Three days of rioting followed in hot spot communities.
In this exclusive interview for the Sunday Guardian with IRA MATHUR, Commissioner of Police Gary Griffith denies the charge of police brutality and reveals that the last four administrations have repeatedly funded criminal elements which fuels the crime spree. He said Government has begun working with the police to vet state contracts that support the operation of criminal gangs which hold the country hostage.
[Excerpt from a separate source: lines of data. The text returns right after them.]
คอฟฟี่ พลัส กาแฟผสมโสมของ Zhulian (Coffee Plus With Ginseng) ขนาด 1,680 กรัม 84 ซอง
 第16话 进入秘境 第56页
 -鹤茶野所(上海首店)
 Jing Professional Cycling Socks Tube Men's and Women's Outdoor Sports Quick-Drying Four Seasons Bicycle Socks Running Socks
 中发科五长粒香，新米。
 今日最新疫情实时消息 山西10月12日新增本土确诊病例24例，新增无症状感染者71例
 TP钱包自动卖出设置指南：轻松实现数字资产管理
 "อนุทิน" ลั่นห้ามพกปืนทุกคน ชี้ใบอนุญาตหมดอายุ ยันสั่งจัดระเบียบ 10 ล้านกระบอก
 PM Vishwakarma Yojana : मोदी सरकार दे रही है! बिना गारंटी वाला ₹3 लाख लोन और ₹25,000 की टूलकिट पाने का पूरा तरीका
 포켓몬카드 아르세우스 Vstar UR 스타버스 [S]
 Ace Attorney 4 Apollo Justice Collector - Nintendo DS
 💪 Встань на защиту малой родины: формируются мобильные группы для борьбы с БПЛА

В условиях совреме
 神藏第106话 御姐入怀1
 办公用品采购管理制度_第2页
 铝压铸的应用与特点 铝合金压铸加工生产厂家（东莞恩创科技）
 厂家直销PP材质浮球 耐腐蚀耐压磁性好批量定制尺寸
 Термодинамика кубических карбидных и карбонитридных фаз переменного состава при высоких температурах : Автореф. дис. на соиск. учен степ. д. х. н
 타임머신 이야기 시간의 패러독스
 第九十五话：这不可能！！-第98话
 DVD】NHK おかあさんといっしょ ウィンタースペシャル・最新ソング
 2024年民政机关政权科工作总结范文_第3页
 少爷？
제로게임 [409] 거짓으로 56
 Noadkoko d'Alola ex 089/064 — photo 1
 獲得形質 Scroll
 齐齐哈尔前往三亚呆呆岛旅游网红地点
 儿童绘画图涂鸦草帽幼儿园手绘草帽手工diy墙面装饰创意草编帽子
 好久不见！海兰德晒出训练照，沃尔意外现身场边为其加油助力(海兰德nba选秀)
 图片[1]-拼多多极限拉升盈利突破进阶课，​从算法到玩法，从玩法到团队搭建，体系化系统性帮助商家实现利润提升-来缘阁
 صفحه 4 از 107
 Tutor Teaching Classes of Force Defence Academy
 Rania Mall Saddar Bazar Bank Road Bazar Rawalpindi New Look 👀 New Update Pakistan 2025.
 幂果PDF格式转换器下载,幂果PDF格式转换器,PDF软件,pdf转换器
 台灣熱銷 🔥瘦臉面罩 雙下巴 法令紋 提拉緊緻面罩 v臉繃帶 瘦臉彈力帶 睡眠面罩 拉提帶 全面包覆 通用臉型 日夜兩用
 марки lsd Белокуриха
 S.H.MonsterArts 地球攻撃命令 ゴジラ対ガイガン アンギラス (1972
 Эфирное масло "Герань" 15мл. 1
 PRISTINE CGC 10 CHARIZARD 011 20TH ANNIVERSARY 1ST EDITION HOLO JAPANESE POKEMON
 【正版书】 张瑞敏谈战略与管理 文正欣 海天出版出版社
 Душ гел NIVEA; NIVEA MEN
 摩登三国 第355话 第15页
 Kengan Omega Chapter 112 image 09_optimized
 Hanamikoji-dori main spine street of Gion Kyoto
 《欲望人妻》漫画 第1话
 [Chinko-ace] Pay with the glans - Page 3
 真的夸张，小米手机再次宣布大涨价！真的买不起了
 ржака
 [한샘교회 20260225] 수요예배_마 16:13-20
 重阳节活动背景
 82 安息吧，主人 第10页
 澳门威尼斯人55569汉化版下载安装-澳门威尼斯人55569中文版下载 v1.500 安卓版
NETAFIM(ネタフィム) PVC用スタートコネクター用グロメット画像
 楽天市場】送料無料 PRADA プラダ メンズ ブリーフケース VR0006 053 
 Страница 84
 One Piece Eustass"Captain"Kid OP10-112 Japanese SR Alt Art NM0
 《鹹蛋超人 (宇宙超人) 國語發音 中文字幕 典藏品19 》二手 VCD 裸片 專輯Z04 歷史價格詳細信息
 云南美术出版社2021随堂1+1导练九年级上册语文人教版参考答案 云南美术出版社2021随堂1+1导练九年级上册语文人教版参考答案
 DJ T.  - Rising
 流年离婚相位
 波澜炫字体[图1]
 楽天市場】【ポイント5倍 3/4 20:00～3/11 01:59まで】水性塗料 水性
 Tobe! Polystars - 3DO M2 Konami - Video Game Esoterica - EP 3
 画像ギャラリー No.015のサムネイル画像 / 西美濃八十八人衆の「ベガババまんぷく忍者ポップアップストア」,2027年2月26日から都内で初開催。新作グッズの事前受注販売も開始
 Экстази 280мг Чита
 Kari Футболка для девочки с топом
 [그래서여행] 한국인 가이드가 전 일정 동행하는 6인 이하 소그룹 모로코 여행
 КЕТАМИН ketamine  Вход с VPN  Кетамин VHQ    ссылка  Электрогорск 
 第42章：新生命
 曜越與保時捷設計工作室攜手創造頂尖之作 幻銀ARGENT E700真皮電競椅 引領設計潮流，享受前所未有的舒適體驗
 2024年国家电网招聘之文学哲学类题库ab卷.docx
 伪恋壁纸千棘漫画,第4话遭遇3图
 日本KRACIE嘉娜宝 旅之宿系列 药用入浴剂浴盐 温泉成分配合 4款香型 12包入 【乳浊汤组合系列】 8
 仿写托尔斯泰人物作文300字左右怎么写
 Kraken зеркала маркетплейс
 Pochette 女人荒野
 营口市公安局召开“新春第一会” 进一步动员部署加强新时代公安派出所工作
Griffith believes that rather than being regularly chastised, every police officer deserves a medal for equally being in the COVID-19 front line and defending the country from what could have easily been an insurgency of the magnitude of 1990 by gangs. Griffith said the 1990 coup attempt which took seven days to crush then, would have, under his watch today, taken seven minutes.
You suggested in your address to the nation following the three days of riots that you have averted something akin to 1990. What was the endgame of the rioters?
Criminal gangs wanted to take over the country, to loot, to destroy Port-of-Spain, using George Floyd as a smokescreen. The riots were part of an orchestrated plan, a major criminal operation, of 40 simultaneous hits by gang leaders armed with dozens of assault rifles to block roads, debris, burn tyres, destroy property, loot and shoot the police. It’s better organised than the 1990 coup attempt where only three locations were targeted. Two major gangs mobilised hundreds of people. Hundreds more were trying to enter the city. Hundreds of others would have joined. We tear-gassed and sent them back.
How was the policing different from 1990?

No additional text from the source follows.